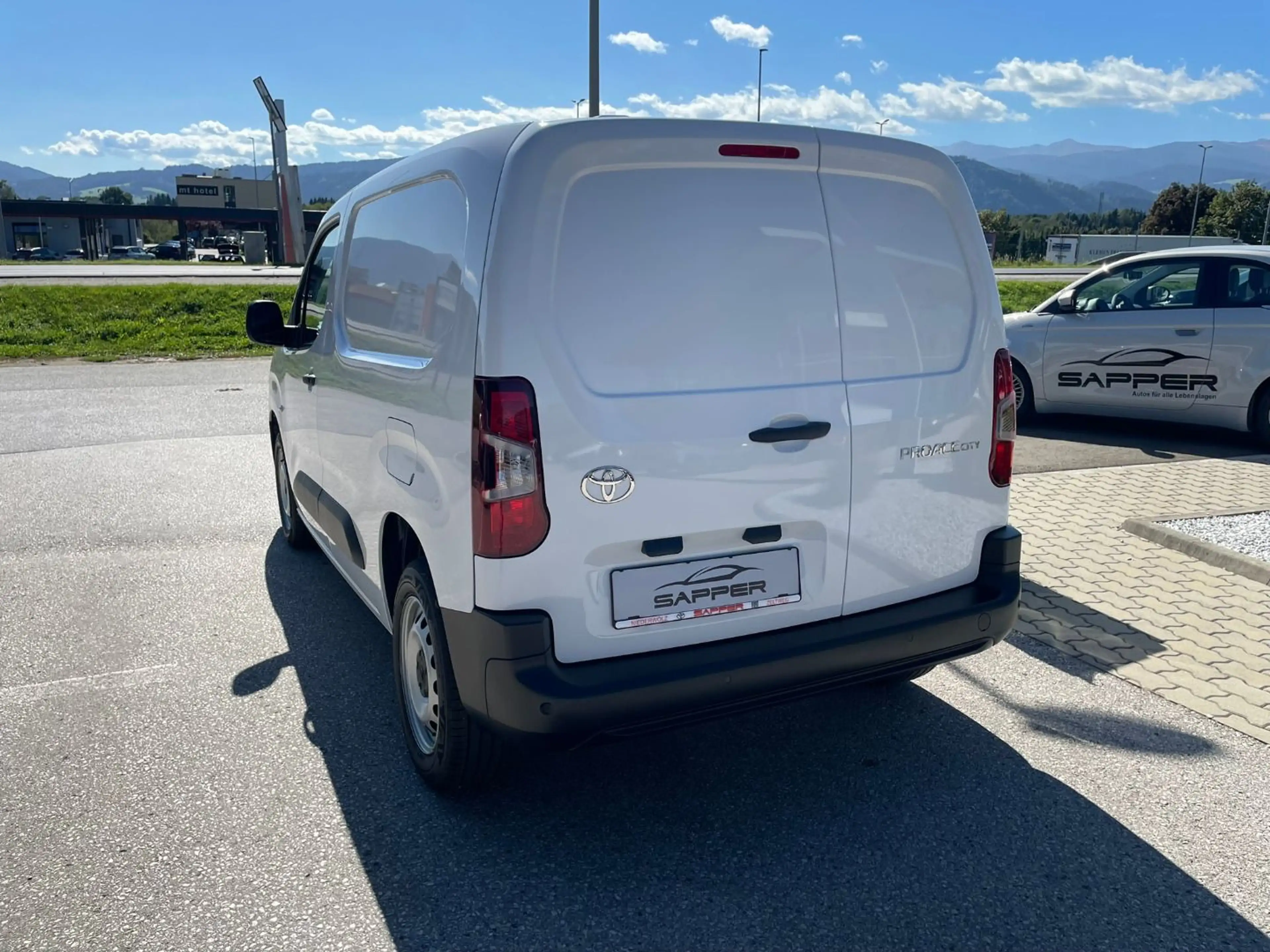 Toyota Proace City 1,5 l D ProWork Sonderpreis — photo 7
--
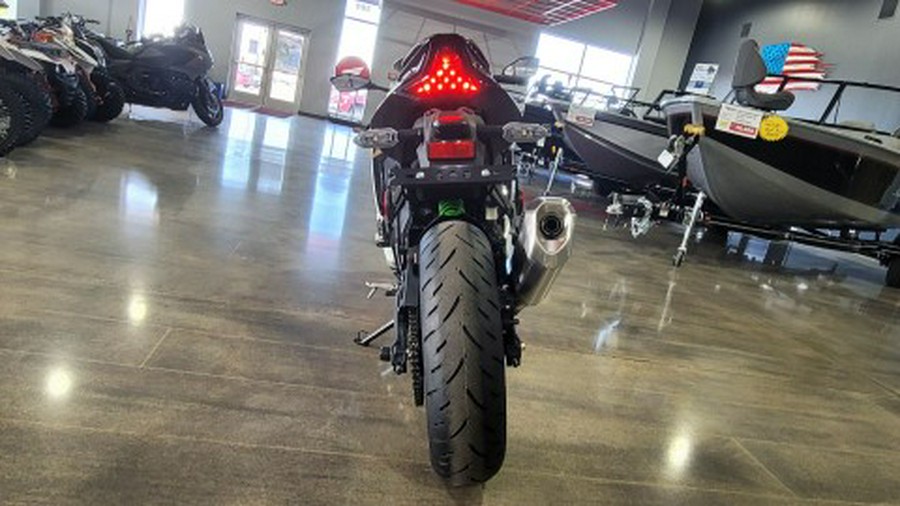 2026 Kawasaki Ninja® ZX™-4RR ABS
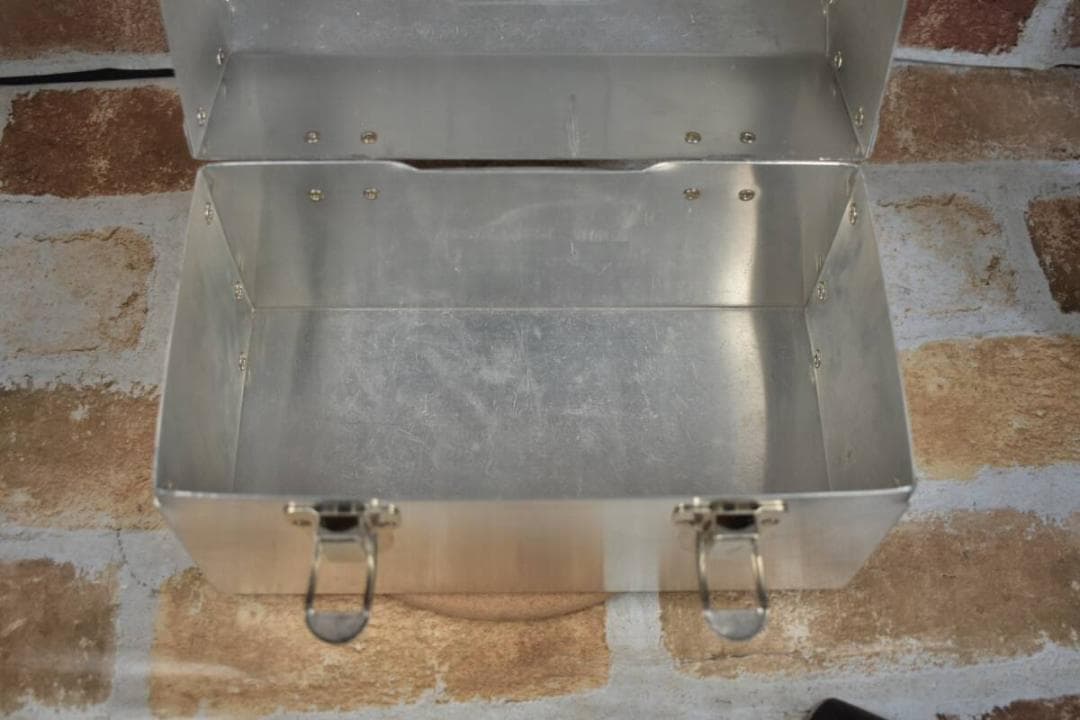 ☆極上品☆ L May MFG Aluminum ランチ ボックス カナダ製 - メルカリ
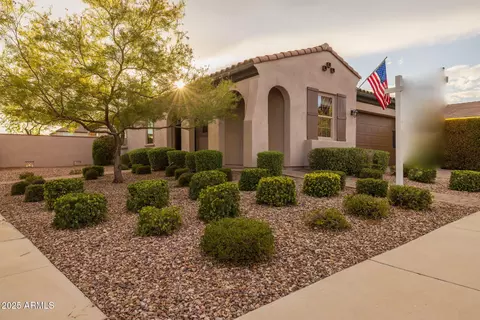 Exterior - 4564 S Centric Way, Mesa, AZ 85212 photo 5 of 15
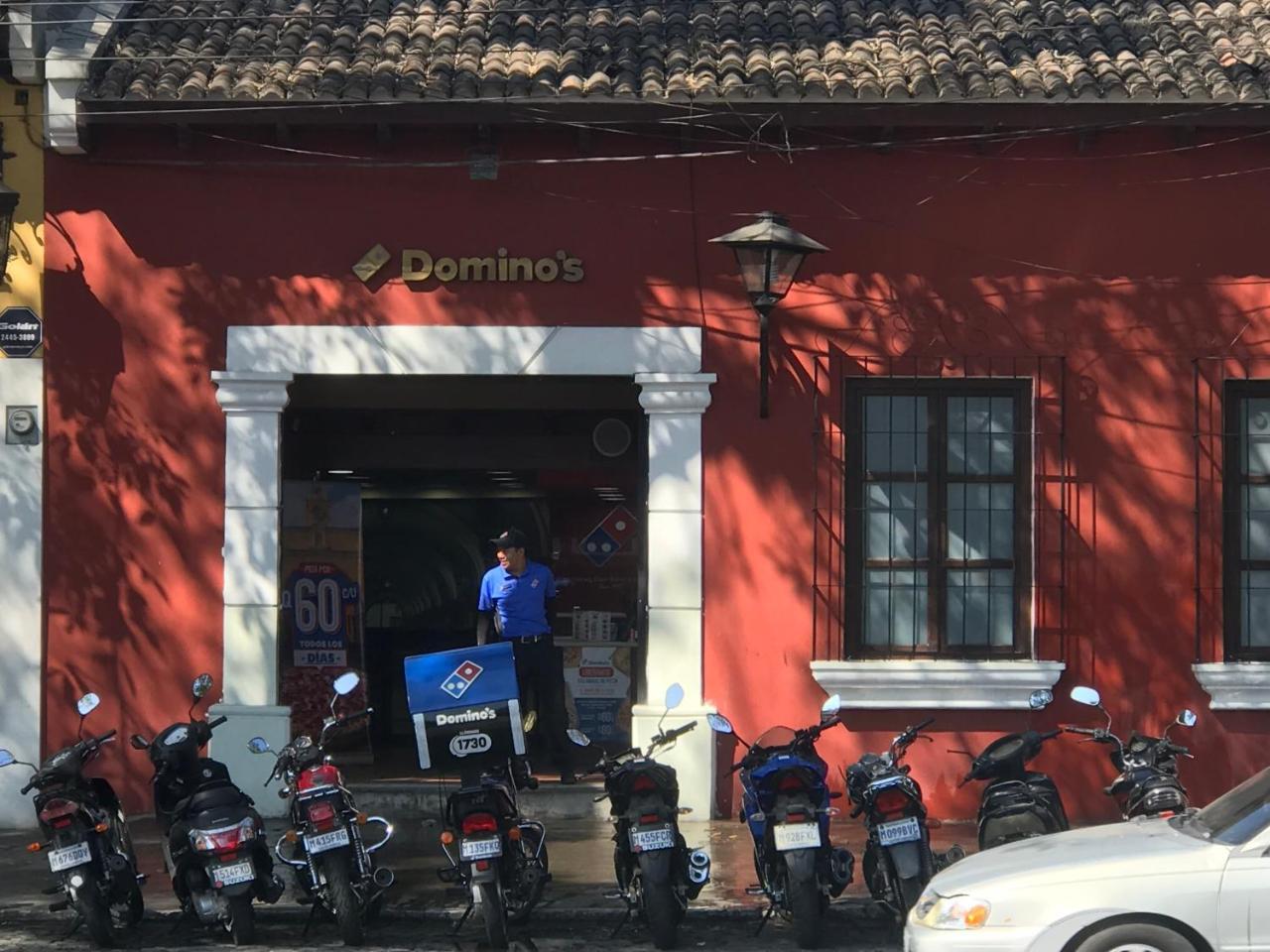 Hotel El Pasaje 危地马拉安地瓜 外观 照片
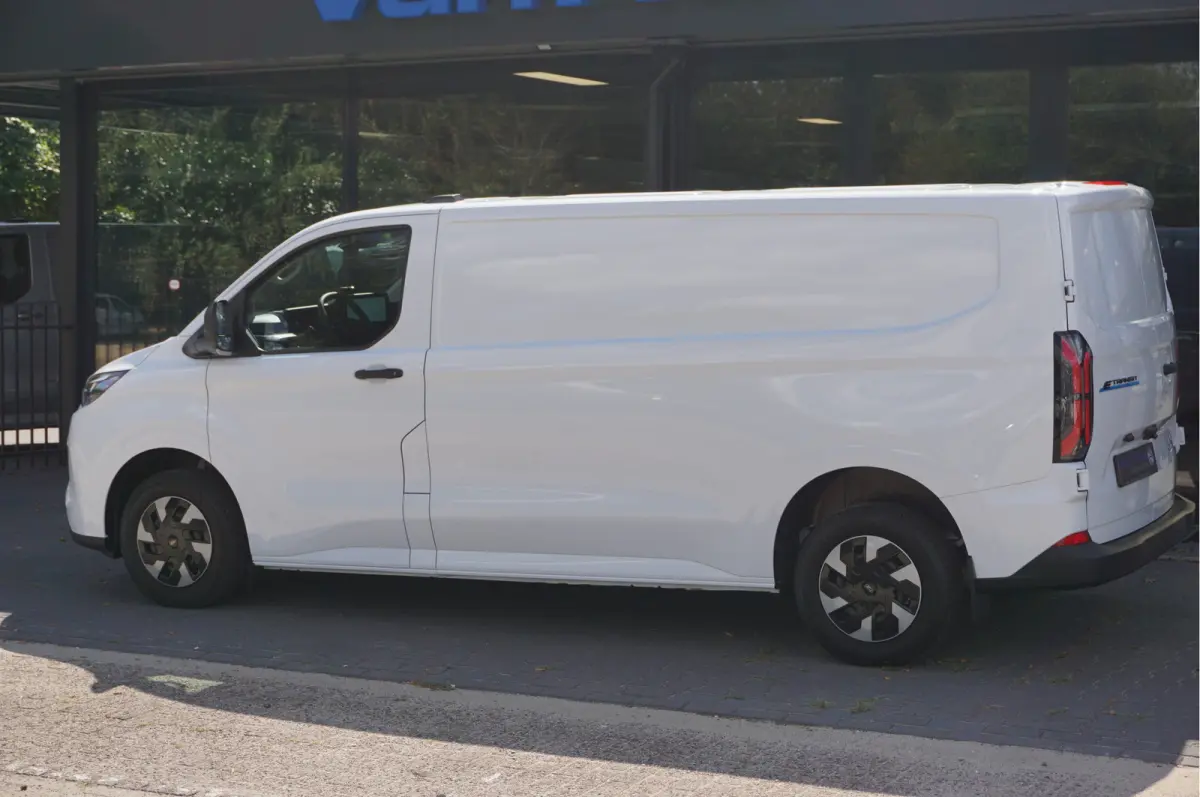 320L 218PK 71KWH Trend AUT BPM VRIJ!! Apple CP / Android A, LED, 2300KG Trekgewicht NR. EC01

*WORK REQUEST*
The copy should hold exactly the lines above from the one with "Hotel El Pasaje 危地马拉安地瓜 外观 照片" through the one with "320L 218PK 71KWH", both ends counted, and no pictures at all.

*COMPLETED TASK*
 Hotel El Pasaje 危地马拉安地瓜 外观 照片
 320L 218PK 71KWH Trend AUT BPM VRIJ!! Apple CP / Android A, LED, 2300KG Trekgewicht NR. EC01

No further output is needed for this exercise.